By: Annette Gero
Australia was founded as a British penal colony after cessation of transportation to America. Thus the early 19th cent rue Australian quilts reflect an English influence (chintz medallion quilts or silk hexagons and tumbling blocks). However, by the 1870’s, Australia was beginning to experience an independent national pride and Australian symbols and motifs appeared on all forms of decorative arts. Thus patriotic patchwork quilts began to appear. These quilts reflect the indigenous flora and fauna (kangaroos, emus, etc.), aborigines as well as national symbols such as colonial flags and coats of arms. Many were made to celebrate national events (International Colonial exhibitions, the Centenary or Federation) or were simply created by the national pride of the quiltmaker.
I intended to discuss nine patriotic quilts, each of which reflects an aspect of the social or technological change in the society and to discuss their significance with respect to the political change of the time.
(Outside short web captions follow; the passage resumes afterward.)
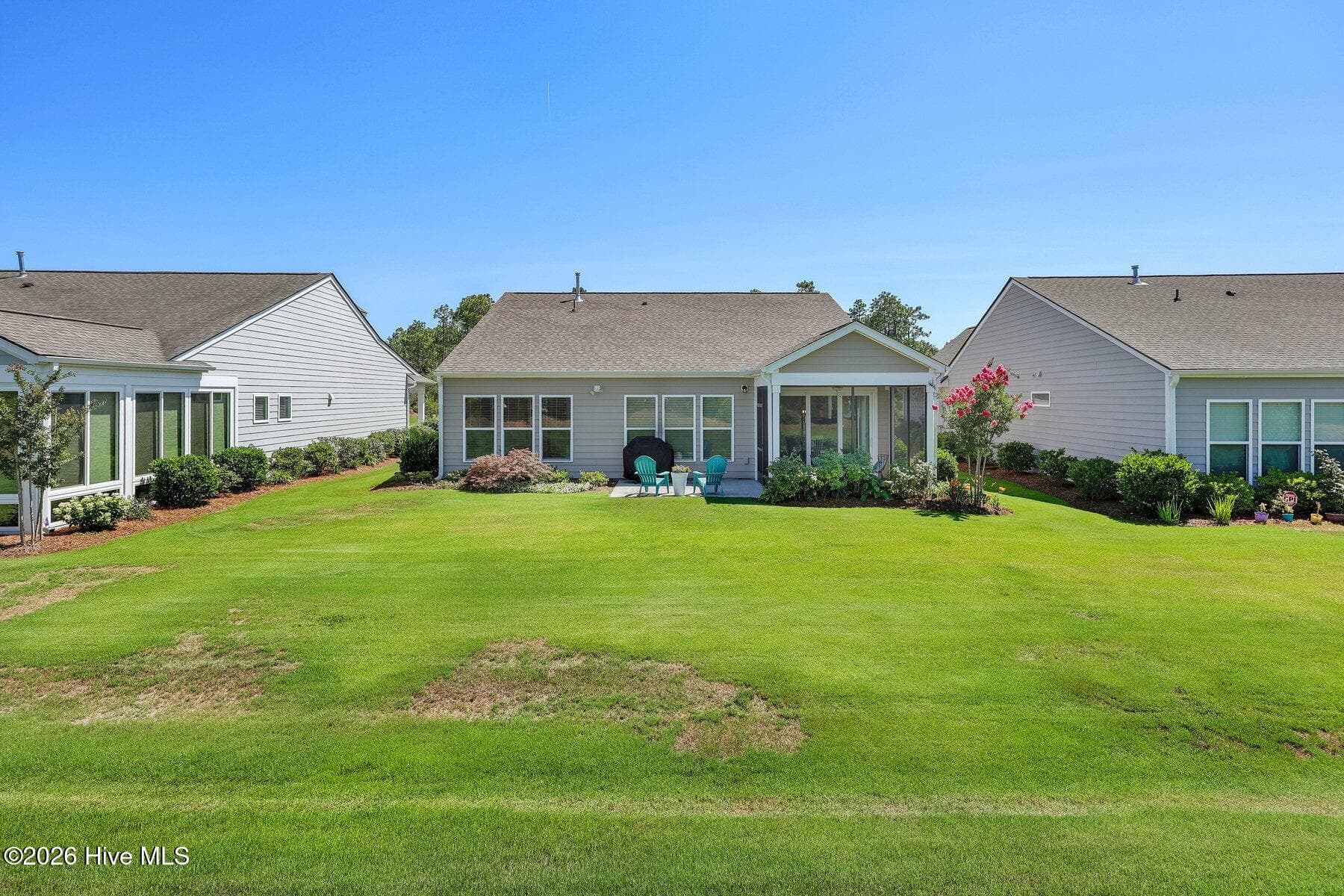 Single Family Residence at 665 Folsom Avenue, Wilmington, NC 28412, photo 4 of 5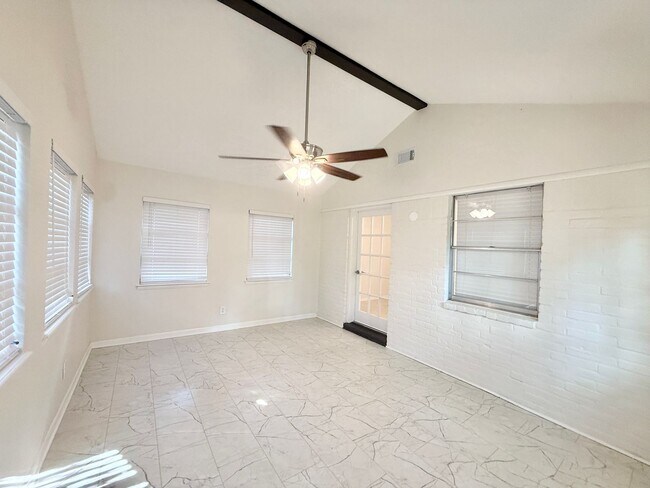 Building Photo - Elegant 3/2/2 home in Maplewood near Meyer...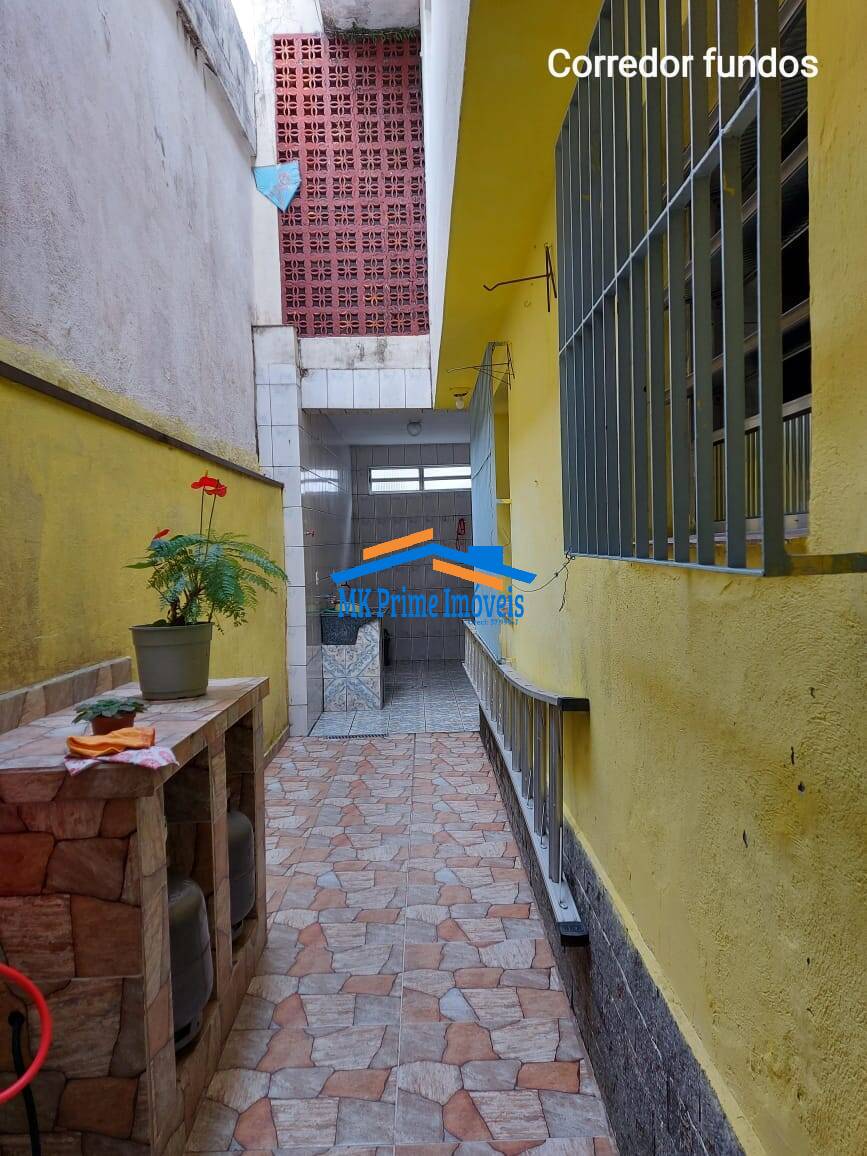 Sobrado à venda com 3 quartos, 250m² - Foto 38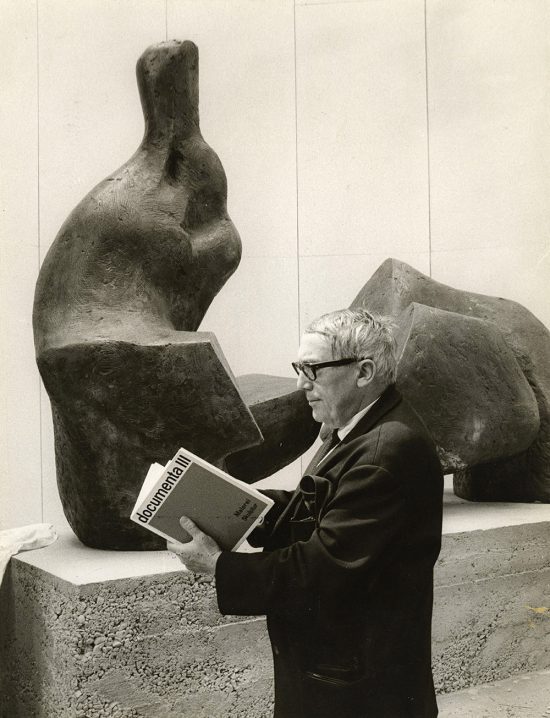 Arnold Bode, Documenta, Henry Moore, sztuka współczesna, Kassel, Niemcy, Niezła Sztuka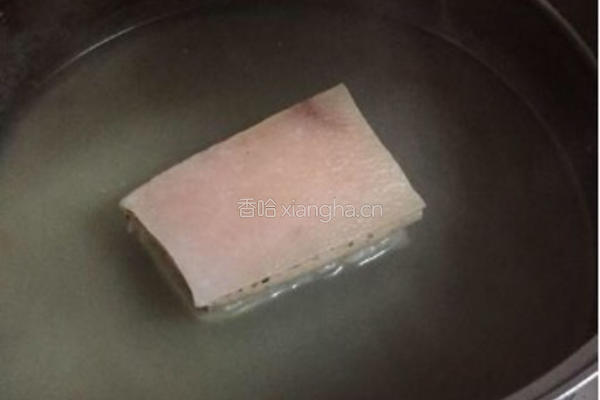 回锅肉的做法图解1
One quilt is composed of scenes depicting the life in a small village; three quilts made by one woman with the theme “Advance Australia”, incorporating aborigines and native animals; two quilts in celebration of Queen Victoria’s Jubilee; one made to support Federation incorporating a coat of arms taken from a coin minted in 1853; and two quilts reflecting Australia’s involvement in the World Wars. My research over the past four years has determined that quiltmaking was only one of the many forms of needlework made by women in Australia. Thus patriotic quilts are few and far between and are important both historically and visually.